== Segment start ==

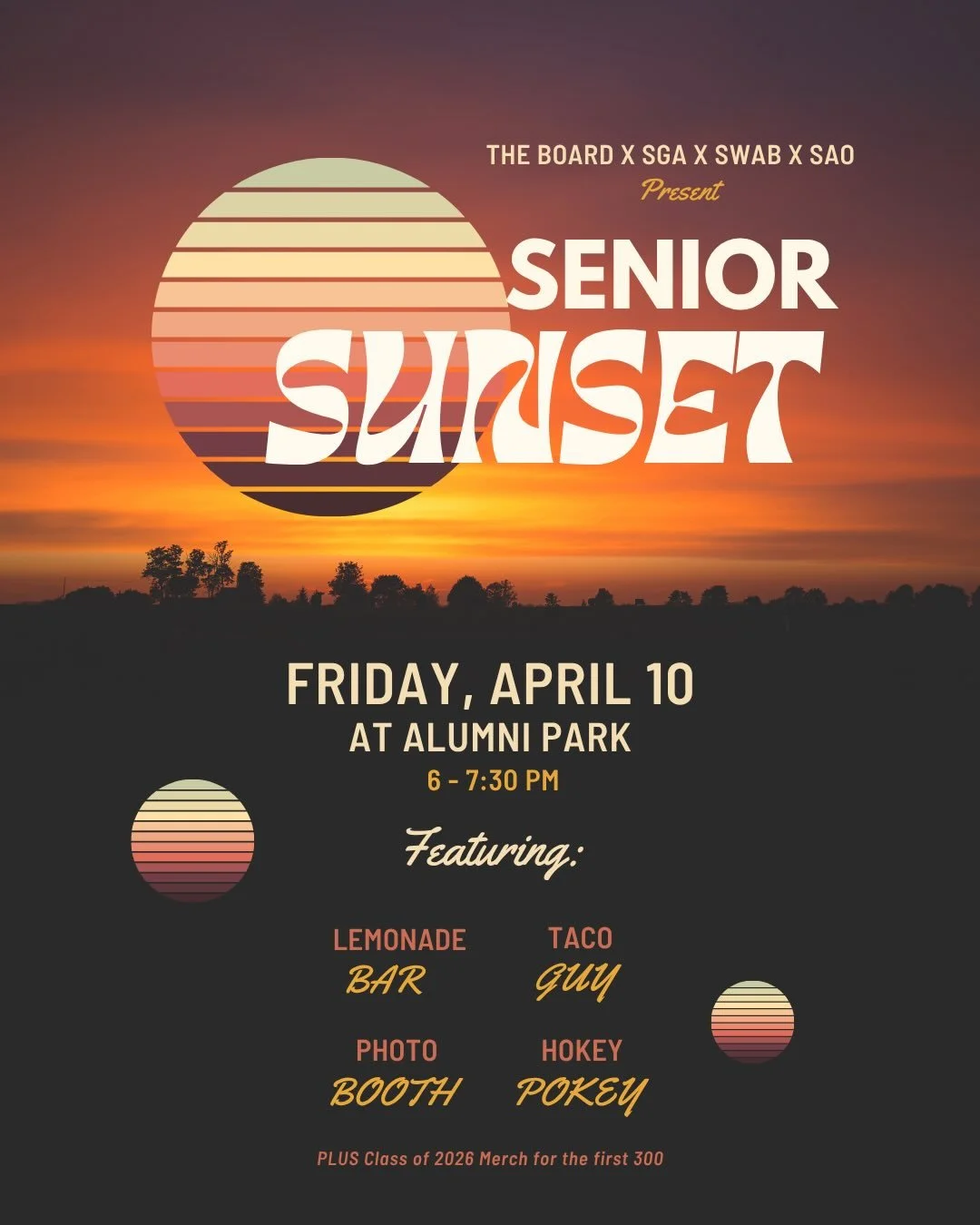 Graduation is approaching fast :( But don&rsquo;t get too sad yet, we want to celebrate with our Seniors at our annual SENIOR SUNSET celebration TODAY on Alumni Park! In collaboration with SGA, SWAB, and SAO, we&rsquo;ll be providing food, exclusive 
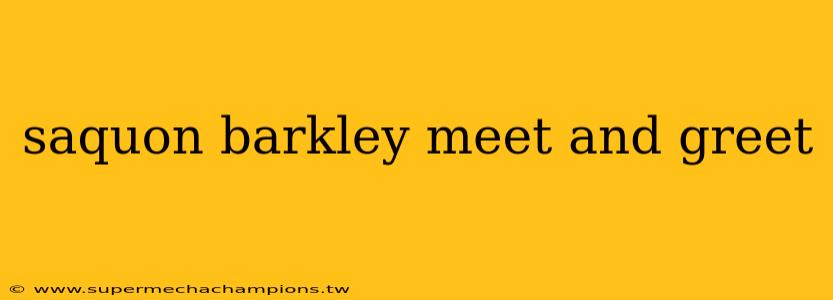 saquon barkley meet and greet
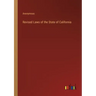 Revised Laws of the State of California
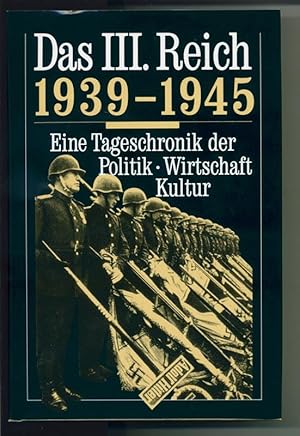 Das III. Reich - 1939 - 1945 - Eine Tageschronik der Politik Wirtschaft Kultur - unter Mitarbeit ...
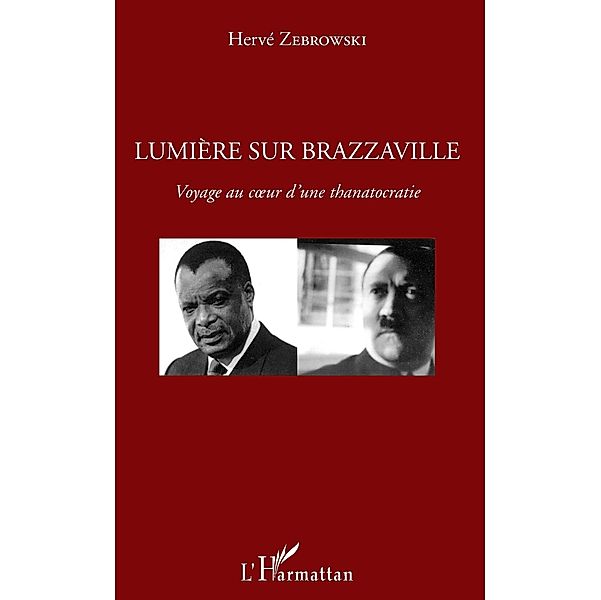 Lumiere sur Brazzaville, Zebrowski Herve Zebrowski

== Segment end ==
== Segment start ==

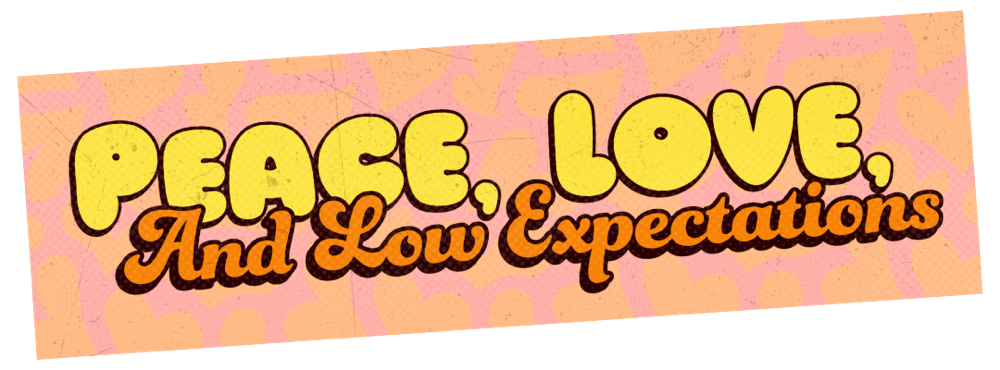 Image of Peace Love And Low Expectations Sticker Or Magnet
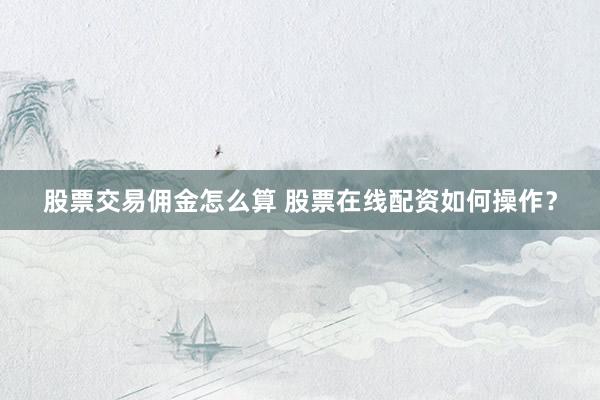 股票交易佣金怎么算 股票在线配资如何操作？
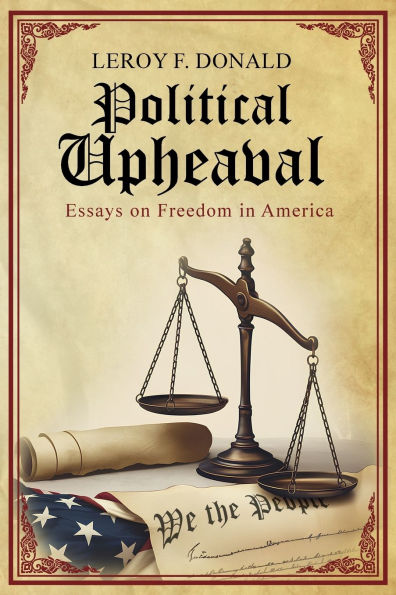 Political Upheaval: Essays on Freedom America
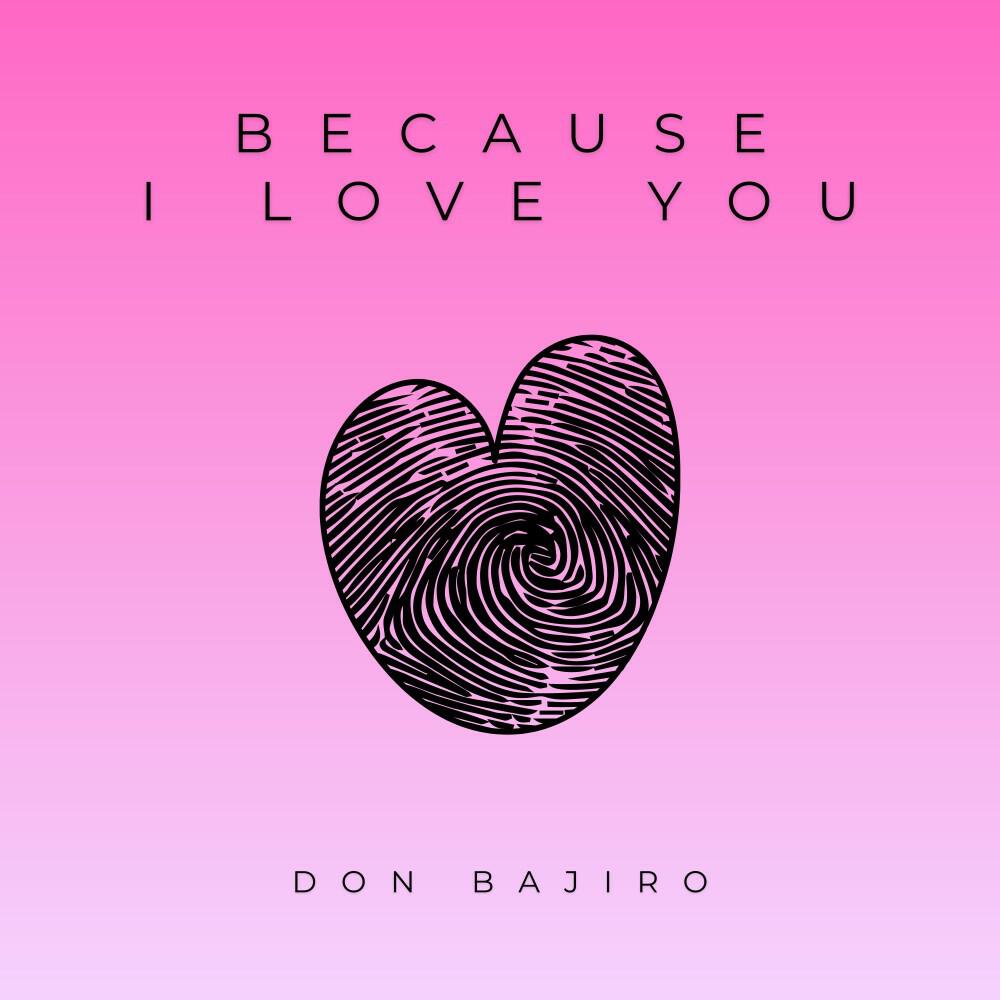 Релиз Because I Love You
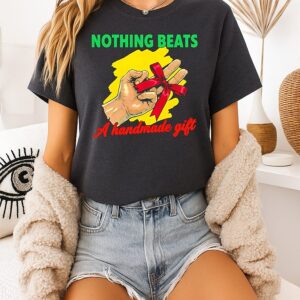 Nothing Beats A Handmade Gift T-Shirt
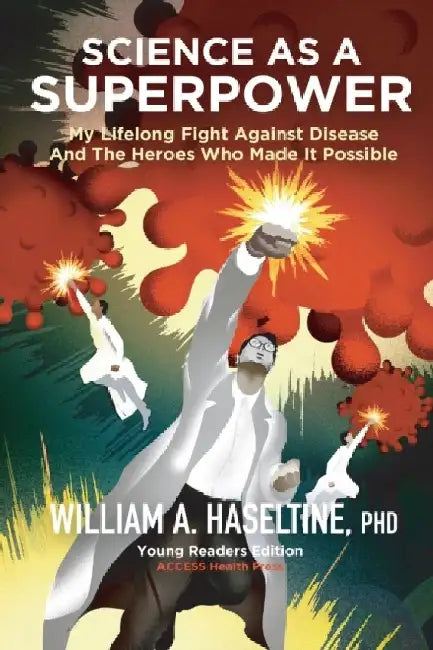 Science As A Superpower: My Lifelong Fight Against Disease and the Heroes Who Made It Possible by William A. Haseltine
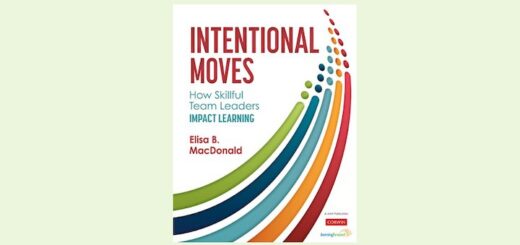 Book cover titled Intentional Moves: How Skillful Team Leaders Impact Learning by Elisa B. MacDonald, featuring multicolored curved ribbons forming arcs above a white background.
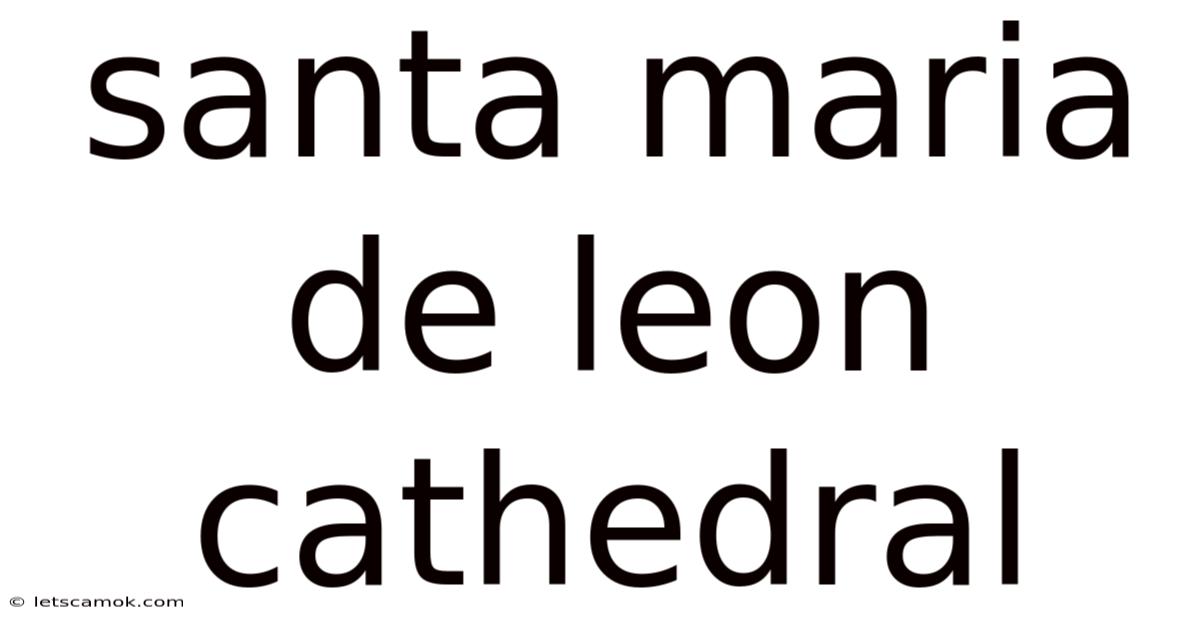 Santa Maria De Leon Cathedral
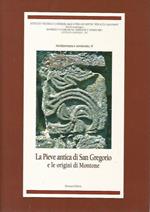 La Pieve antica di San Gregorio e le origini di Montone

== Segment end ==

- Work required
The answer is the lines of the material above, from the one containing "Book cover titled" down to the one containing "La Pieve antica", given exactly and without images.

- Task answer
 Book cover titled Intentional Moves: How Skillful Team Leaders Impact Learning by Elisa B. MacDonald, featuring multicolored curved ribbons forming arcs above a white background.
 Santa Maria De Leon Cathedral
 La Pieve antica di San Gregorio e le origini di Montone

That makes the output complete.